Under the assumption that modifications occur more or less uniformly over time, the average 
age of a delayed-write block, when it is written to disk, is 15 seconds. 

The IPU policy also has a characteristic time scale, the age at which a dirty buffer is scheduled 
for writing to the disk. If we set this to 30 seconds, then (again ignoring queueing delays), by 
definition, no information will be vulnerable to a crash for longer than 30 seconds. Also by 
definition, the average age of a block, when written to disk, is 30 seconds. 

If we choose to set the update delay for IPU the same as the update interval for PU, then both 
policies expose modified data to exactly the same worst-case vulnerability. Doing so, however, 
means that the mean age of dirty blocks is roughly twice as it would be with the PU policy. This 
suggests that IPU should see a higher write-hit ratio, and might avoid a few more disk write 
operations. 

Carson and Setia showed that, as the update interval was increased, the write-hit ratio at which 
PU began to pay off had to increase as well. We do expect this ratio to increase, but does it 
increase fast enough? Carson and Setia cite other work suggesting that it might [10] (see also a 
more recent study [1]). Unfortunately, I know of no actual test of this hypothesis. Still, one 
might suspect that the increased average lifetime of dirty blocks, when the IPU policy is used, 
might account for some performance advantage. (Note that the experiments reported in sections 
4.1 and 4.2 carefully avoid repeated writes to the same block during an update interval, and so 
should encounter abnormally low cache hit ratios.) 

2.4. Scaling properties 

One might ask why, if PU performs so badly, has this not been a problem in practice 1 . The 
answer is that buffer cache sizes and disk speeds are improving at different rates, which changes 
the ratio of disk queue length to disk service latency. 

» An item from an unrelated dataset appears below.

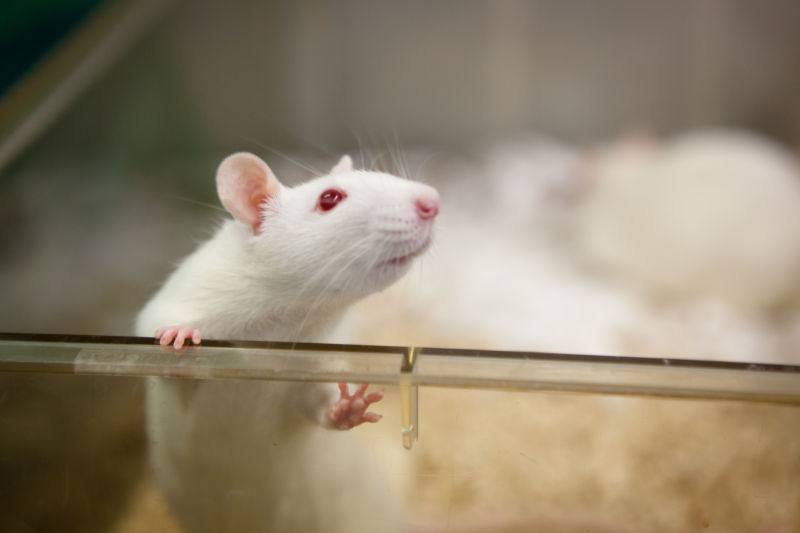Medical Research: albino rat for animal experiments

4.2BSD and related systems only delay partial-block writes. Since most files are written se- 
quentially, most blocks are filled quickly, and pending delayed writes of partial blocks are turned 
into asynchronous immediate writes of filled blocks. If the buffer cache is not large enough to 
hold many entire files, then it makes little sense to delay writes of full blocks, since these blocks 
are unlikely to be referenced again quickly. 

Memory chips get larger: this is one of the most reliable laws of recent history. One can 
quibble over whether the doubling time is 18 months or two years, but main memory sizes do 
increase (at roughly constant cost) as the years pass, and no other technology trend is quite so 
steep [5]. 



'Some systems have indeed exhibited poor behavior resulting from disk queues containing many asynchronous 
write requests [12].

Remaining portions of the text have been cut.